>>

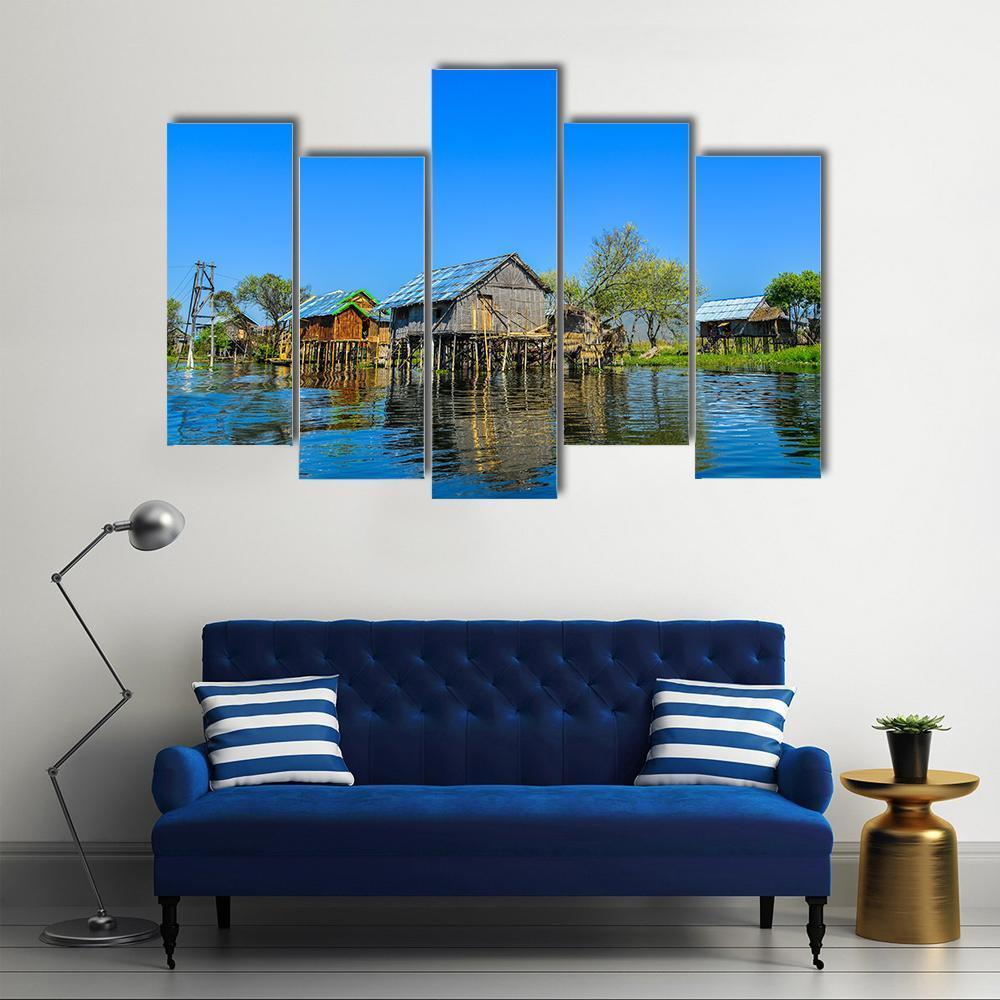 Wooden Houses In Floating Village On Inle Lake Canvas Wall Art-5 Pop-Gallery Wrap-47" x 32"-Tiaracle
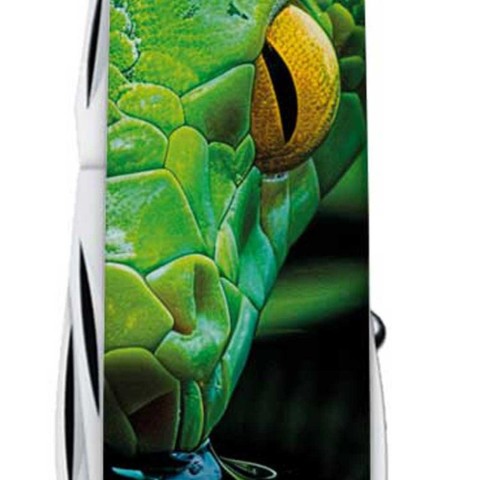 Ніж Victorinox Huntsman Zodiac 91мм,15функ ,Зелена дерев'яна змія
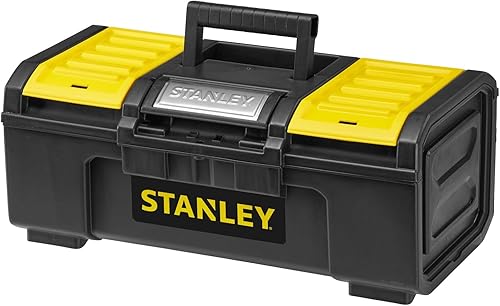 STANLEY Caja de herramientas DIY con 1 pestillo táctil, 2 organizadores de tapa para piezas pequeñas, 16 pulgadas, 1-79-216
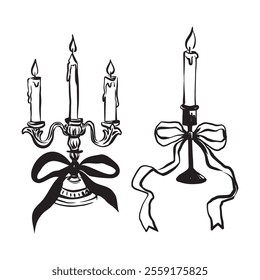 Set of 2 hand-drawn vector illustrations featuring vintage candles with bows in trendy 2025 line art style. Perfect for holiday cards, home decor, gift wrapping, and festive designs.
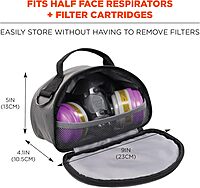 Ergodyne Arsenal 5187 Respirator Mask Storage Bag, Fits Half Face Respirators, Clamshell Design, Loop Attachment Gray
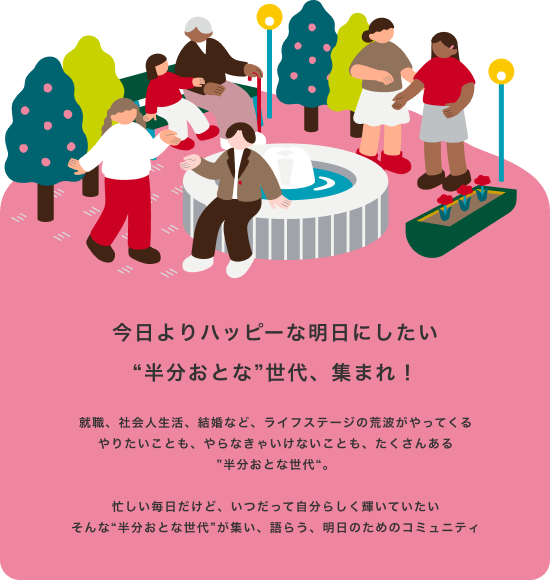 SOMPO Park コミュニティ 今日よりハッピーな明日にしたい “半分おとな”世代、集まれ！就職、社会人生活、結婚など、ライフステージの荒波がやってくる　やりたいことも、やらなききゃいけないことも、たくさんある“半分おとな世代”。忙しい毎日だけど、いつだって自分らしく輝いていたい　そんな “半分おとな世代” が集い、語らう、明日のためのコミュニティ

<<
>>

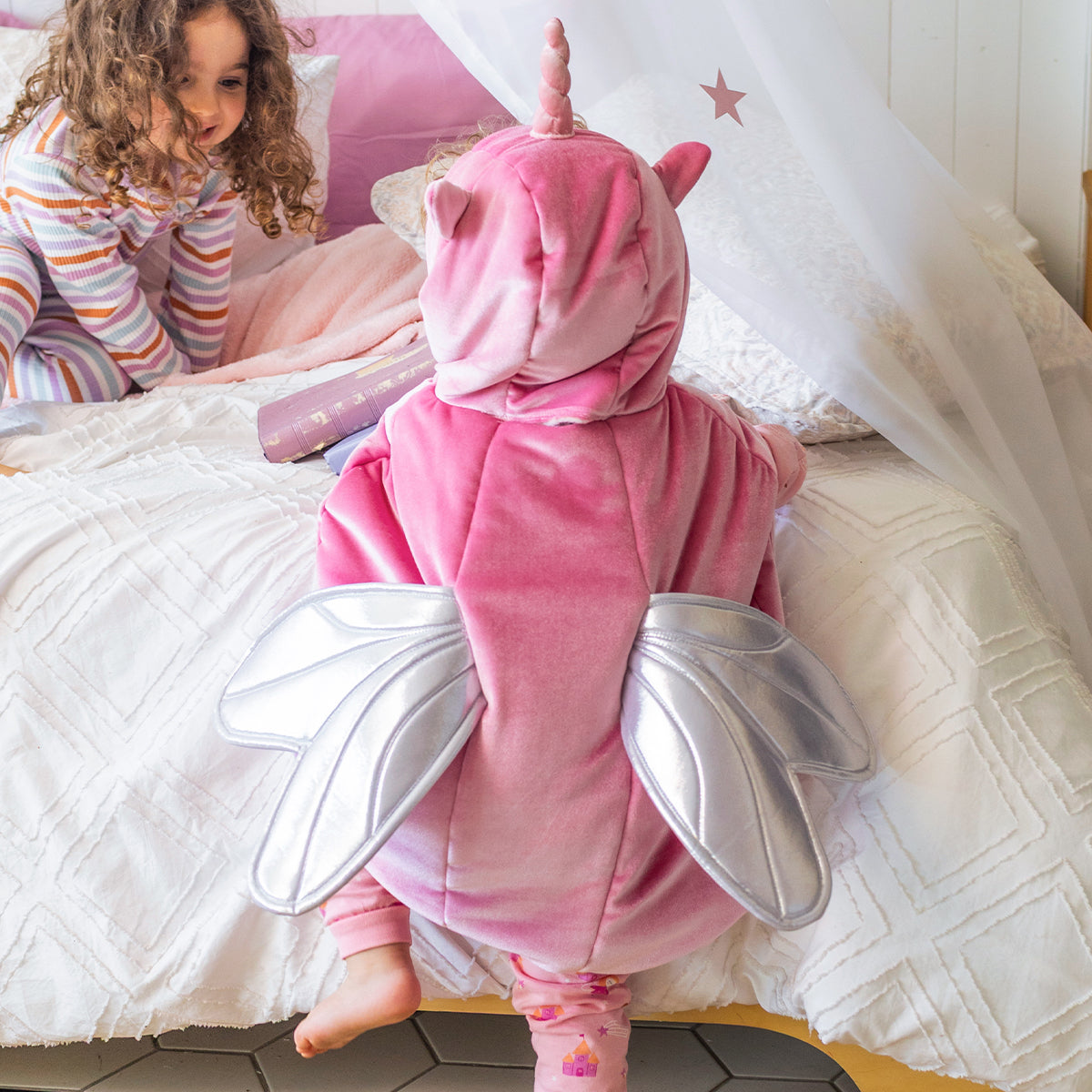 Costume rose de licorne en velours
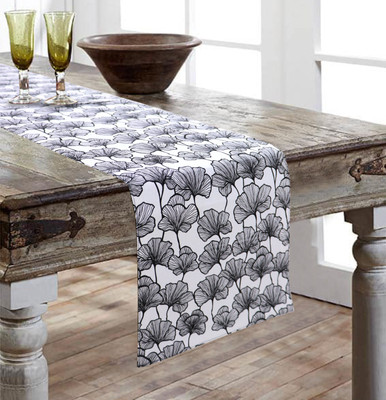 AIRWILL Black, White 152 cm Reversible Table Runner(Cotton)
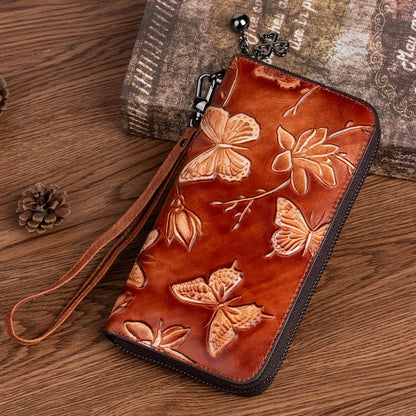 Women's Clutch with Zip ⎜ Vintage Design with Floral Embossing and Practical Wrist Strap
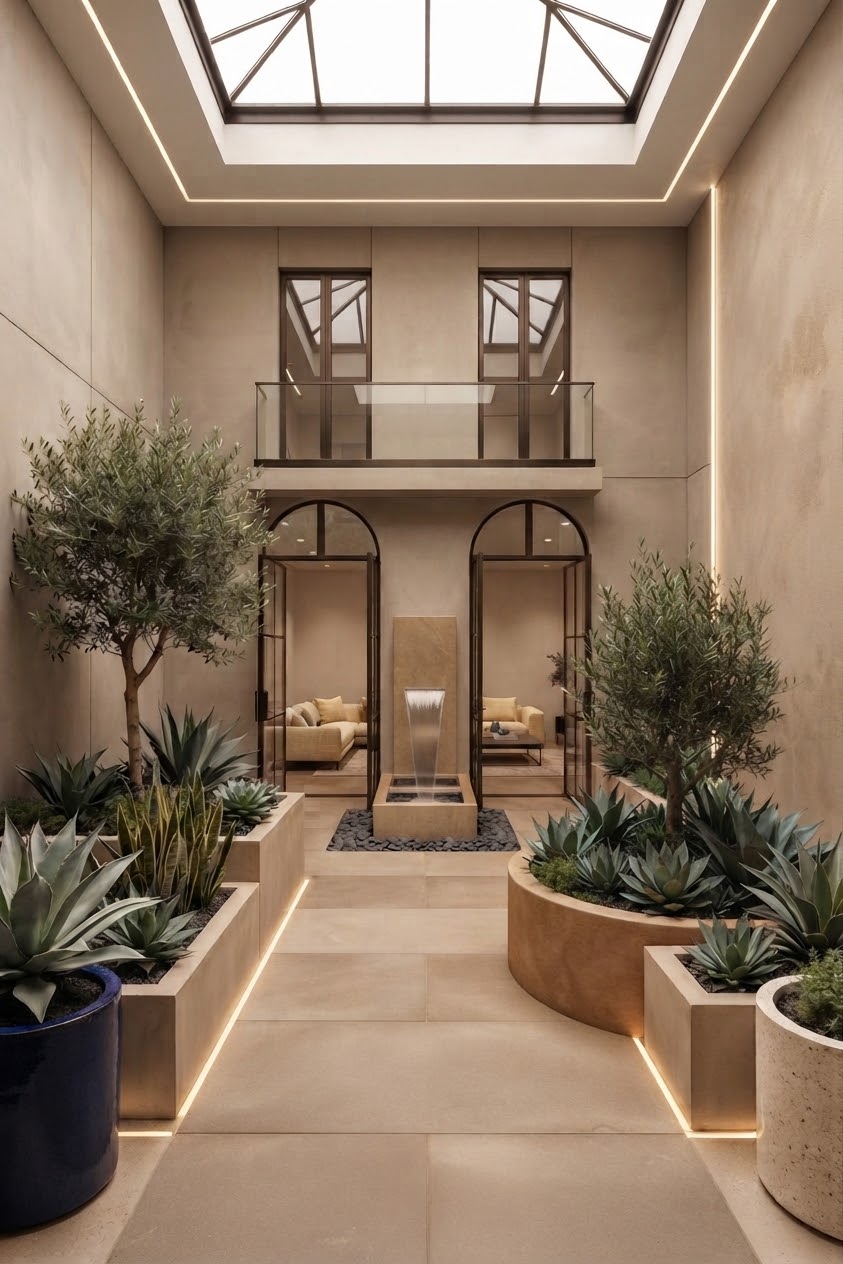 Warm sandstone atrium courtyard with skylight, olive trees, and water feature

<<
>>

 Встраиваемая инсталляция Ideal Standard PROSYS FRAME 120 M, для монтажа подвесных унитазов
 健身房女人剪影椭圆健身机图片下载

<<

TASK ITEM: Using the data above, transcribe exactly the lines between those containing "Ніж Victorinox Huntsman" and "Set of 2 hand-drawn", inclusive, and leave every picture behind.

ANSWER BOX:
 Ніж Victorinox Huntsman Zodiac 91мм,15функ ,Зелена дерев'яна змія
 STANLEY Caja de herramientas DIY con 1 pestillo táctil, 2 organizadores de tapa para piezas pequeñas, 16 pulgadas, 1-79-216
 Set of 2 hand-drawn vector illustrations featuring vintage candles with bows in trendy 2025 line art style. Perfect for holiday cards, home decor, gift wrapping, and festive designs.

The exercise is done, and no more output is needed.